Me being me turned up late missing out on the first two destinations, therefore having to neck a sambuka, glass of white wine and a full pint. Nice one, but seeing Alex Cool having to do the exact same thing made me feel slightly better on the approach of the night. The conversations were dusty, it mostly handshakes and greetings which i personally hate with a fucking stupid name.



Round 1..









Ready for Round 2..





Matt Tansley.. what a hero. There's always one ain't there. That one who thinks he can handle his drink a tad more than the rest consuming needless vodka shots during the game. We were going to get drunk anyway yer? Never the less it made the night a shit load funnier witnessing him crawling along Boogie Lounge floor and rolling around outside with his pants down to his ankles. Call me whatever, but him being gay made it a hell of a lot funnier lets all admit it.

Wow..I love your accent

I don't know where's home anymore. Twice I've been home since August and each time i feel out of place and cheeky if i don't ask to use something, But Epsom? It hasn't quite settled in yet, awkwardness is a regular feeling in Victoria place. Maybe it's the change of friends because oh my.. there's a huge difference between the Journo boys and the good old northerners. I think i just need to change my attitude slightly towards aspects that will benefit me.

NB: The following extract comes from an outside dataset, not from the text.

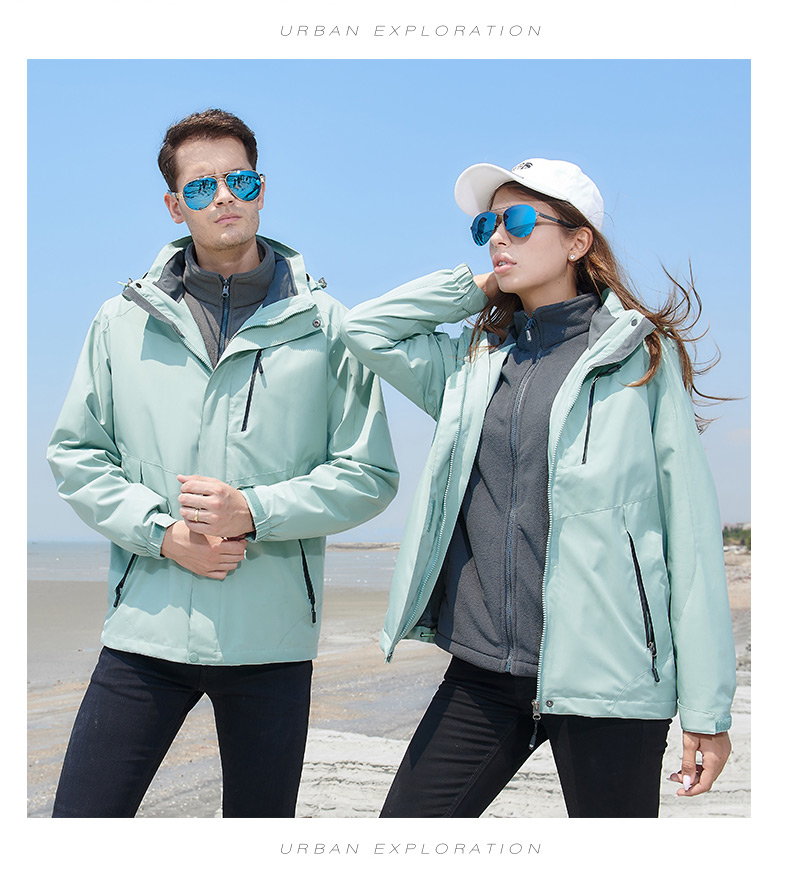 Warm three-in-one two-piece jacket for couples M03-C03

Compare these two photo's and you can clearly see the difference. Yes? I thought so. On the right- Checkered shirts, physical contact, blurring from the movement, you get it. I don't think they've ever heard of a casual drink. As for this cool bunch on the left are starting to calm me down bit by bit which is a relief i guess? Although i love these boys on the left to a degree i can't describe, I'm fucking glad a got out. Not to say there dragging me down just there comes a point in life where you start to grow out of that stuff and look at the bigger picture.

Saturday, 3 October 2009

The Day I Left Home..

An emotional day one could say, but never the less a fresh start i'd been waiting a long year for. The nervous journey from Cheshire was uncomfortable but exciting. Arriving in Epsom around 4ish we unloaded the van only to find my bed couldn't fit up the stairs..great start. House mates were welcoming as i expected, mother was very chatty showing off our dog to the girls. Sister Lucy was helpful as was Paul.

A family walk to the the town centre picking up bits n' bobs before they left. Tears from my sister but none from mother which was a supprise i guess. I showed no emotion at all, in fact i gave the impression i wanted to get rid of them as soon as possible which i kind of regret.

I feel as if i have a point to prove to my family, showing i am capable of living on my own and taking matters into my own hands, being responsible for myself.


Later that evening pretty much focused on learning more about one another in the house, involving drinking of course (it always helps.)